Season 2 saw them marry and become parents to the young Samantha Wayne, destined to eventually be the long-lost sister of Bruce. This season, Thomas gets out of life as an agent and becomes a doctor, but feels betrayed when he realizes that Martha has not done the same — despite assuring him that she has. Though Thomas chafes at the idea of Martha putting herself at risk, Martha refuses to let his comfort define her, which creates massive turmoil throughout the season. 

However, in the end, Martha goes to save Lucius, telling Thomas that she has to do what's right even when it's difficult, and the two are able to reconcile their differences by the end — for the most part.

Leaving London

One of the long-running subplots of "Pennyworth" is Alfred desperately wanting to leave London forever but not quite being able to do it. As much as he's wanted to get out, his British roots run deep, and so, despite his many attempts to set sail for the United States, he finds himself tied to the city his life has been built out of. In the finale, with so many things going horribly awry, he finally manages to get clear, but it's not exactly under ideal circumstances. When a mob of Lullaby victims attempts to tear him and his friends to pieces, they are forced to flee in a red double-decker bus. Never let it be said that the gang doesn't travel in style!

The Lullaby victims are terrifying, but despite being under the control of a mind-altering substance, the gang responds to them more or less as zombies and has no compunction about offing a few — quite a few, actually. The crew picks up the Waynes along their way, which is great, considering we're not totally sure what would have become of them otherwise. Alfie also brings Daveboy and his mom, Mrs. P., who had previously been disappointed and annoyed when he tried to leave the city. However, she now seems infinitely more pleased with the idea as the alternate grows increasingly grim. Frankly, we're glad they got out while the getting was good.

A (literal) bomb drop

As we've described at length, much of this season was about the crew attempting to get to the bottom of the whole Lullaby mess. Though they succeeded in figuring out what was going on, they weren't able to totally curb the catastrophic events that occurred once the general population had ingested a fair amount of the stuff. In the end, the best they've got is to get out of town and let the effects of Lullaby wear themselves out. However, by the end of the episode, we realize that even that dismal conclusion is a bit too far on the side of optimism.

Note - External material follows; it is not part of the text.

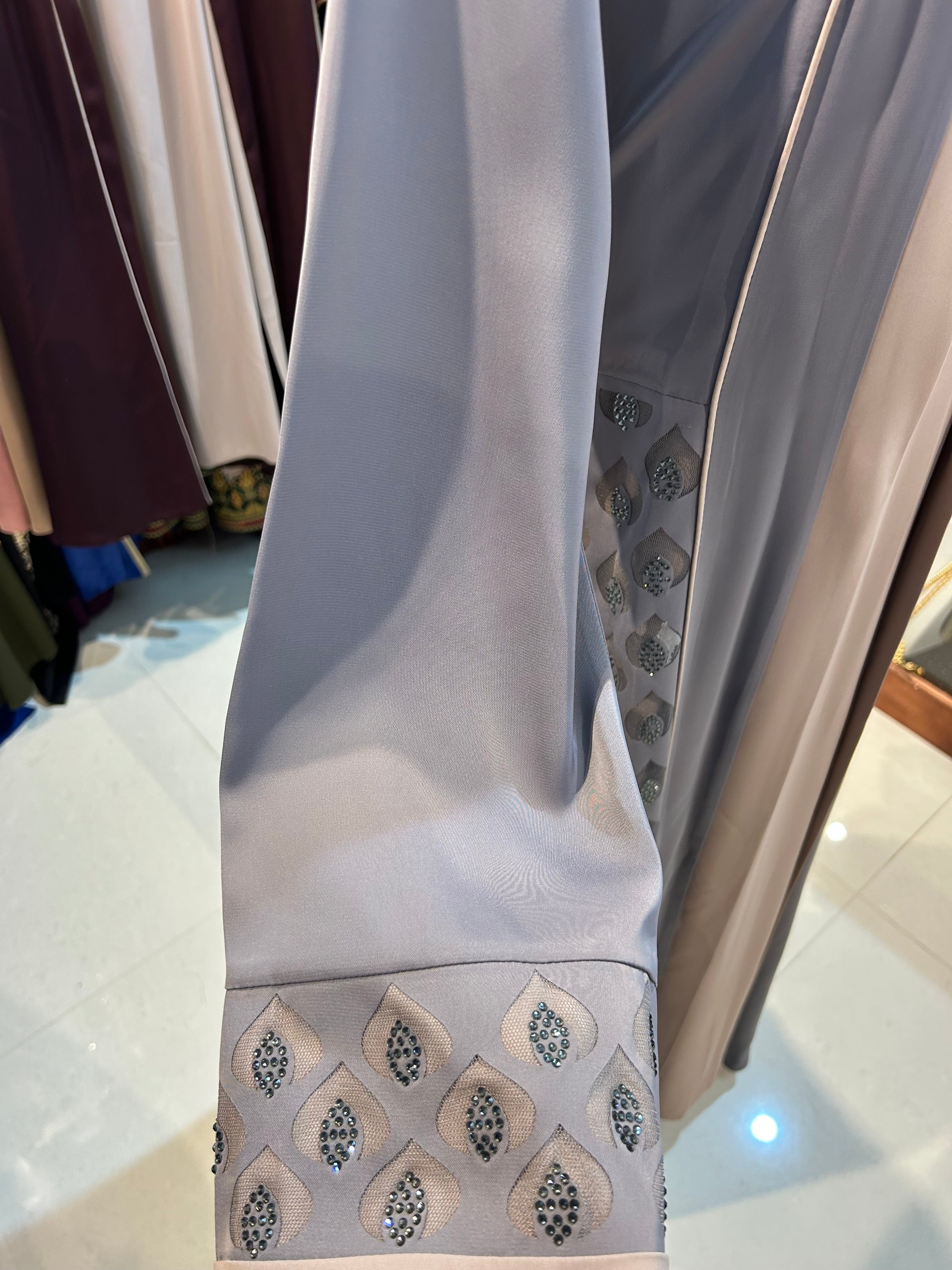 Elegant 2-Piece Abaya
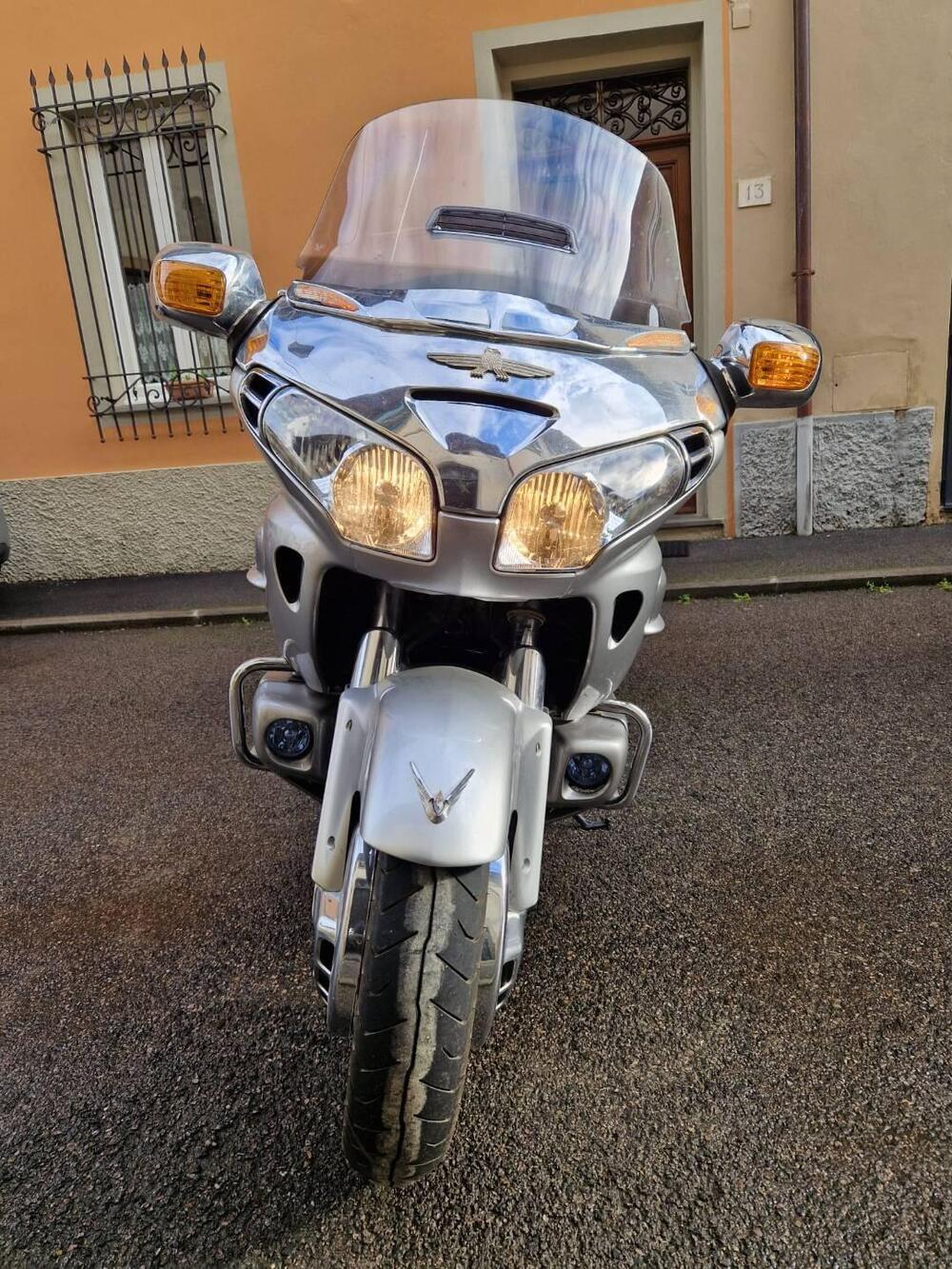 Honda GL 1800 Gold Wing (2000 - 05) (3)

With Alfred and Sandra excited to be wed, the double-decker bus pulls over on the side of the road. As they happily exchange vows, Sandra taking the time to be intentional and Alfie looking like he expects her to back out at any moment, she finally says those magical words, "I do." When Alfred is asked if he takes Sandra as his wife, he goes to speak, but the camera pans out, and we see an enormous mushroom cloud rise up over London. As everyone gazes on, struck with awe and horror, the credits roll without us ever knowing for sure if he said "I do" or not. What an ending!

From Pennyworth to Gotham

As noted, "Pennyworth" is generally considered a precursor to "Gotham," but by the end of the series, we've got way more questions than answers. The cliffhanger ending seems like a wild place to leave off, and the finale made very few (if any) attempts to join "Pennyworth" to the series it apparently spins off from. What happens to Sandra, and what happens after the bomb is dropped? All of this is going to have to be filed under the "rule of cool," where we just let go of every continuity error and question we have because, honestly, this series is awesome, and at a certain point the contradictions just don't matter anymore.

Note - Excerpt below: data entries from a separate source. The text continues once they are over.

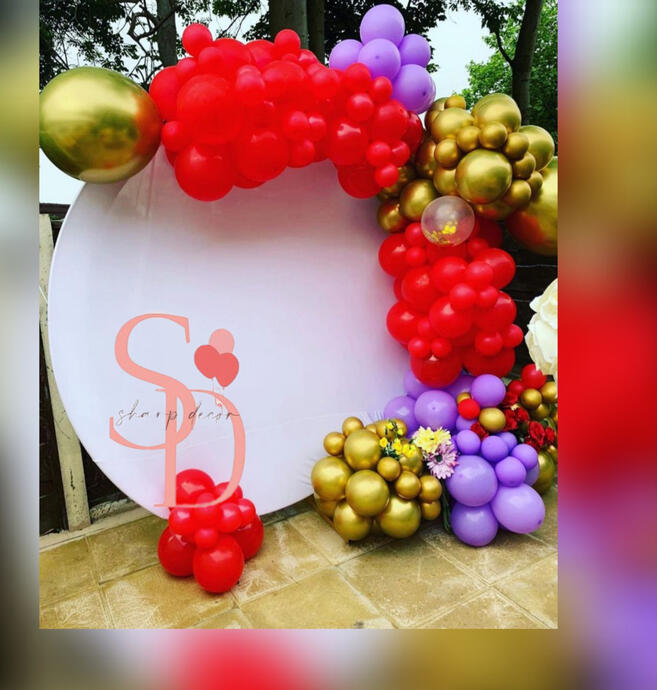 Gold & red balloons amazing ‼️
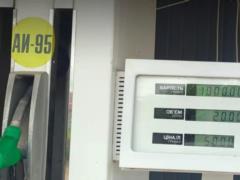 На АЗС украинцам вместо топлива заливали фальсификат: где продавали  бодягу 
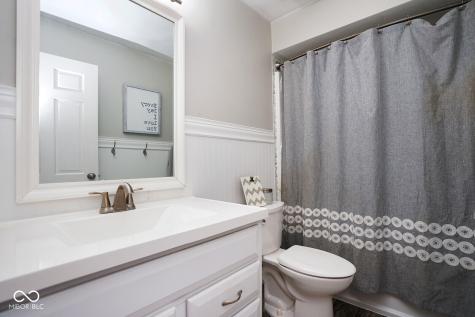 412 Woodland West Drive Greenfield IN 46140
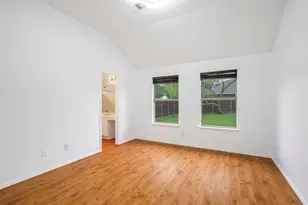 1001 Campbell Dr, McKinney, TX 75071 - Photo 7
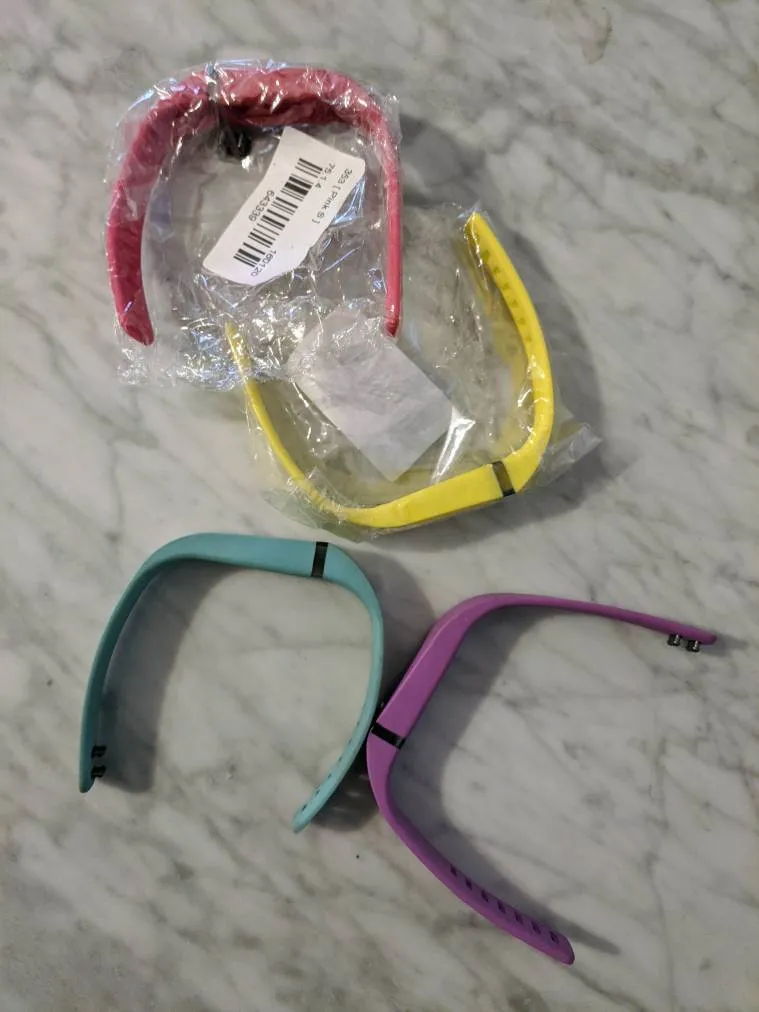 🆓 Small Fitbit Flex Bands photo 1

Though the continuity is truly all over the place, that shouldn't dissuade "Pennyworth" fans from seeking out "Gotham" and vice versa. The plotlines don't have to match up for these two to be incredibly fun alternate reality takes on the Batman mythos. The show nailed it where it counts, and that's the emotional thread between Jack Bannon's suave swagger and Sean Pertwee's uncertain but devoted butler, struggling to raise the son of his best friends and feeling like he's always letting them down. 

In the end, "Pennyworth" and "Gotham" have one major thing in common, and it's that we could have watched another 15 seasons of either without getting bored.